Just in time for that appearance, Ms. Palin, who was proclaiming her family’s privacy a week ago, will make a political event out of her son’s deployment to Iraq. But as for talking to reporters in general, the McCain campaign sniffishly says they must first show “some level of respect and deference.”
That is a peculiar response for someone who is campaigning as one tough, transparent politician who can take the heat. Why not some detailed questioning? With deference, we believe many questions will arise about this largely unknown politician as reporters properly search beyond the wholesome anecdotes.
Ms. Palin is positioning herself as the kind of politician who knows how to manage the people’s money. She got a big cheer from the Republican convention when Mr. McCain said she had put the Alaska governor’s private plane on eBay.

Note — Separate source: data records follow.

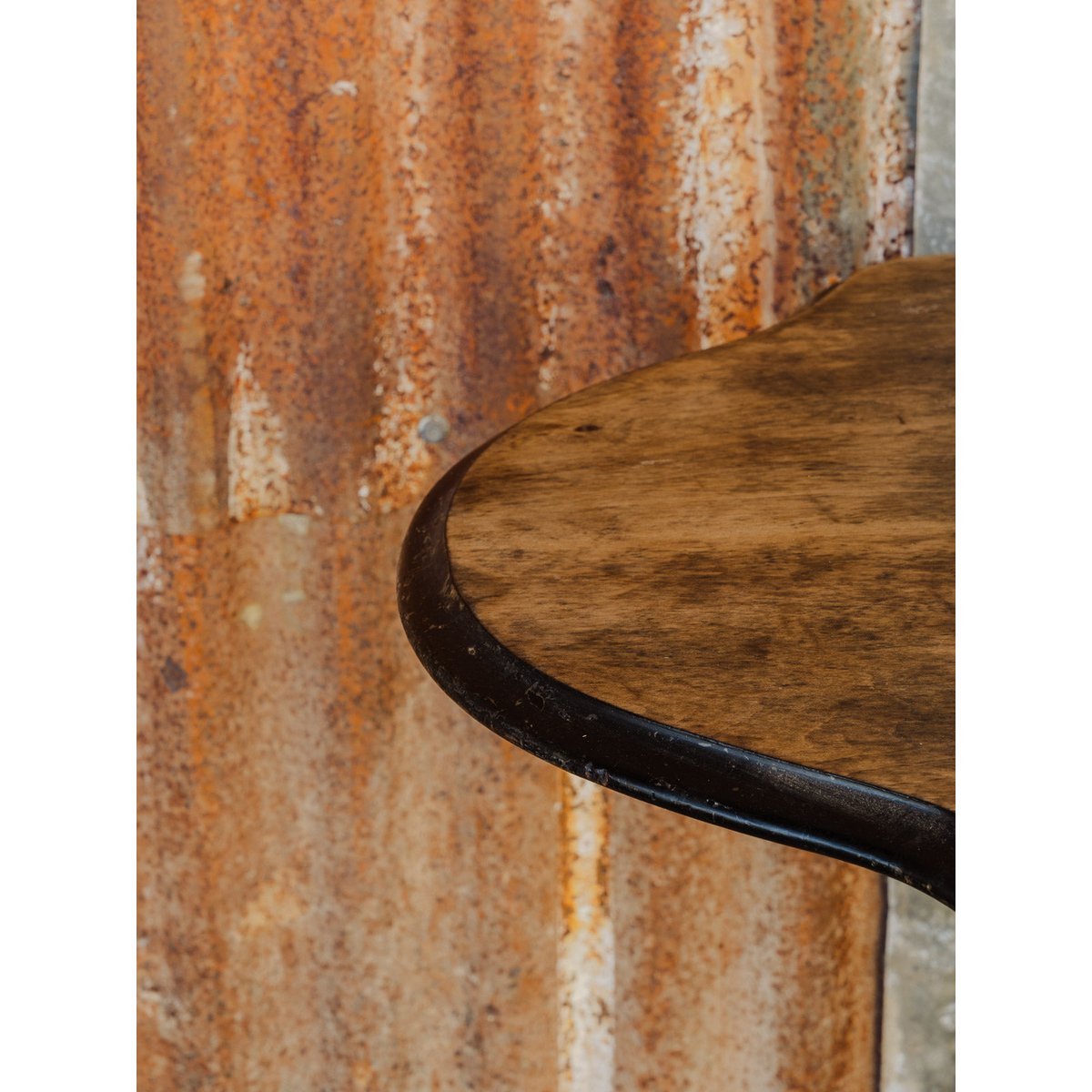 Table d'appoint en bois Francine N°1675 - Bon état bois foncé, DEBONGOUT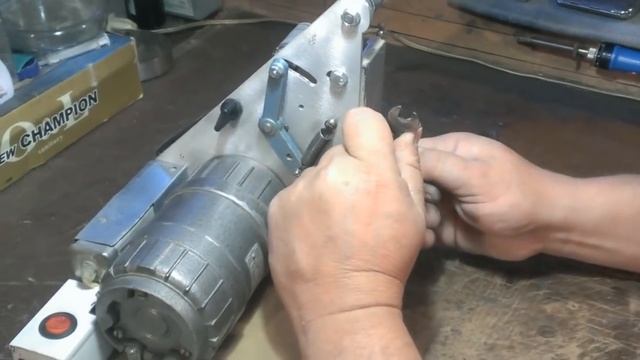 Мини Гриндер смотреть онлайн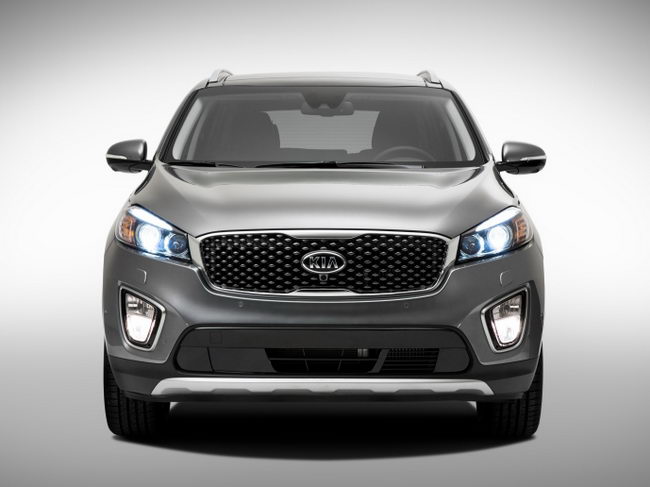   KIA Sorento       ,     —        KIA Cross GT.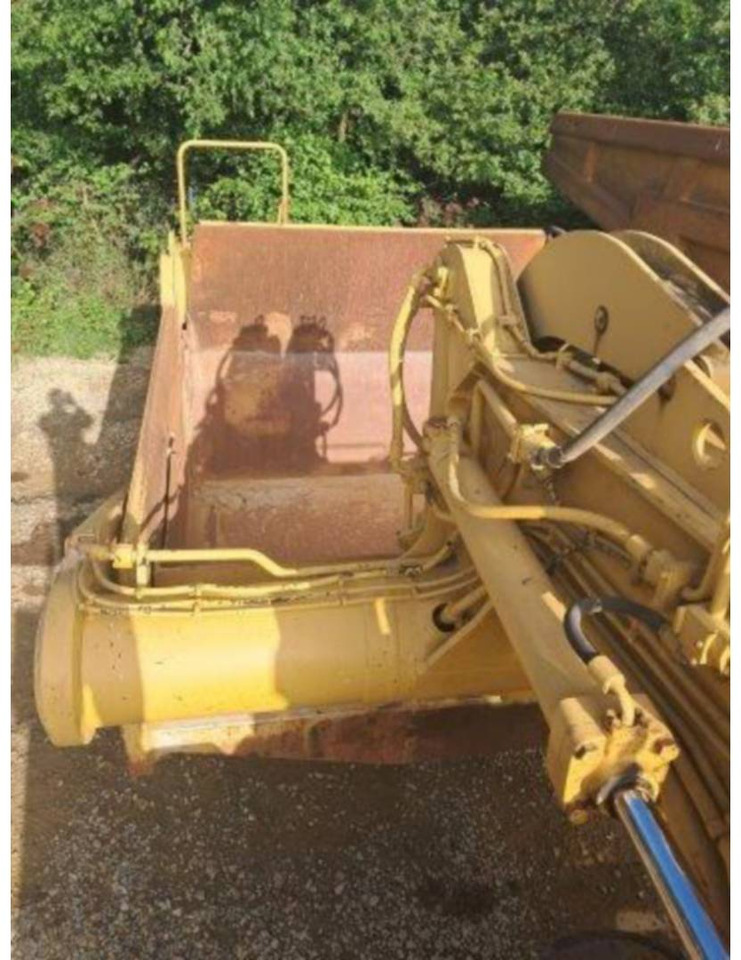 CAT 621F - Skrejpr: obrázek 5 CAT 621F - Skrejpr: obrázek 5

The running mates both failed to mention that it did not sell on eBay and that she unloaded it later to a businessman for a $600,000 loss. The Chicago Tribune reported that the majority of the plane’s time was used to transport prisoners from Alaska’s crowded jails to Arizona, a job now done by federal marshals.
All of which made it vexing to read the disclosure by The Washington Post that Governor Palin billed Alaska taxpayers for more than 300 nights that she spent at home in her first 18 months in office. The campaign claims the $60-a-day allowance is proper, and various states do have differing per-diem approaches. But voters ought to hear the candidate answering such questions, not for purposes of petty quibbling, but to help fill out their skimpy sense of who Ms. Palin actually is.
She could explain, as well, why she was for the Bridge to Nowhere when it was first proposed and reversed field once it became a symbol of legislative abuse. Even then, the governor helped cycle the $223 million in federal pork to other state needs.
Voters have a right to hear Ms. Palin explain in detail her qualifications to be standby president with no national or foreign policy experience. More is required of any serious candidate for such a high office than one interview with questions put by one selected source.